**THE TASK:** Repeat the listing word for word. No pictures belong in the copy.

**GIVEN INFORMATION:**

>>>>>

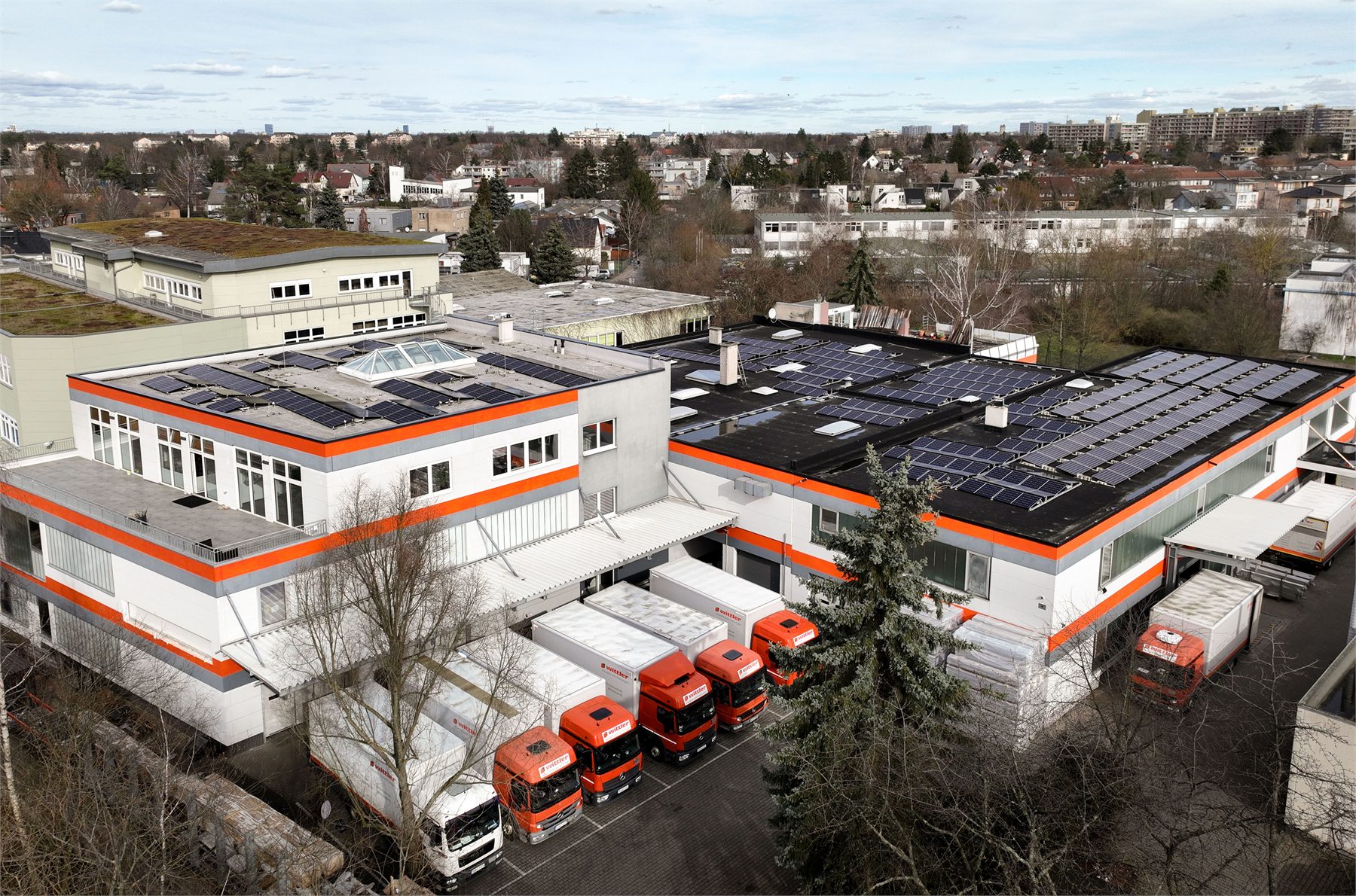 Originalaufnahme des Wittler-Werks Berlin-Buckow mit Produktionsgebäuden, Photovoltaikanlagen und eigenem Fuhrpark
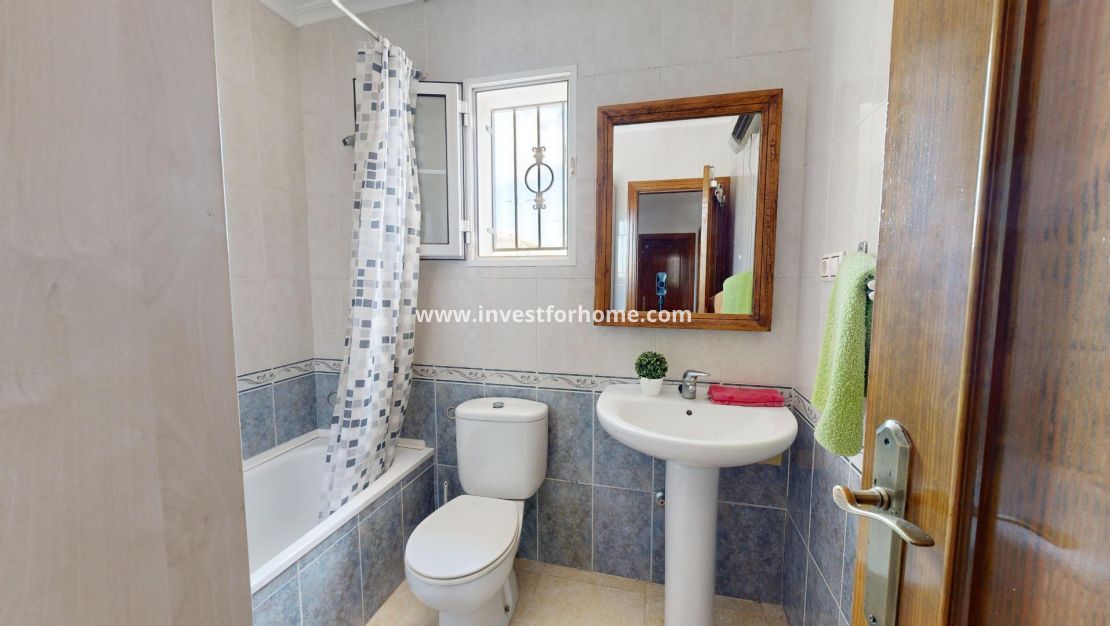 Försäljning - Villa - Torrevieja - Nueva Torrevieja - Aguas Nuevas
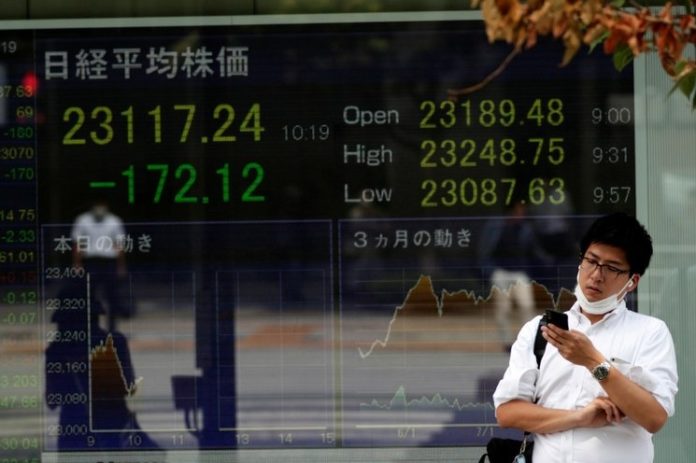 ¿Por qué Japón es el país más endeudado del mundo y cómo se explica que aún le sigan prestando dinero?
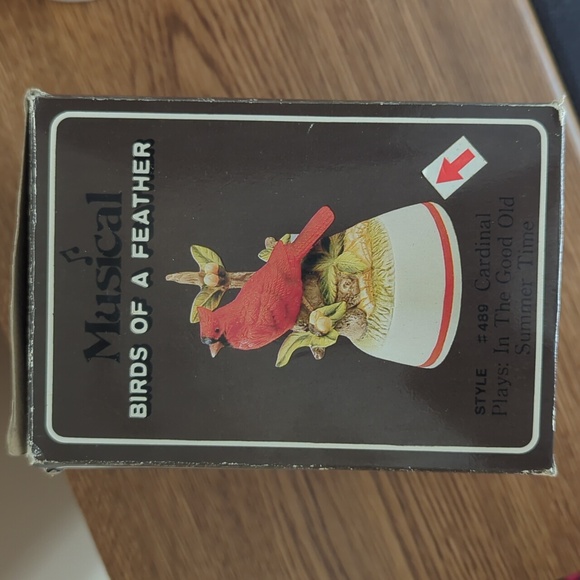 Vintage Aldon Cardinal 1984 Musical Birds of a Feather Fine Porcelain Figure - Picture 6 of 11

<<<<<

**THE COMPLETED TASK:**
 Originalaufnahme des Wittler-Werks Berlin-Buckow mit Produktionsgebäuden, Photovoltaikanlagen und eigenem Fuhrpark
 Försäljning - Villa - Torrevieja - Nueva Torrevieja - Aguas Nuevas
 ¿Por qué Japón es el país más endeudado del mundo y cómo se explica que aún le sigan prestando dinero?
 Vintage Aldon Cardinal 1984 Musical Birds of a Feather Fine Porcelain Figure - Picture 6 of 11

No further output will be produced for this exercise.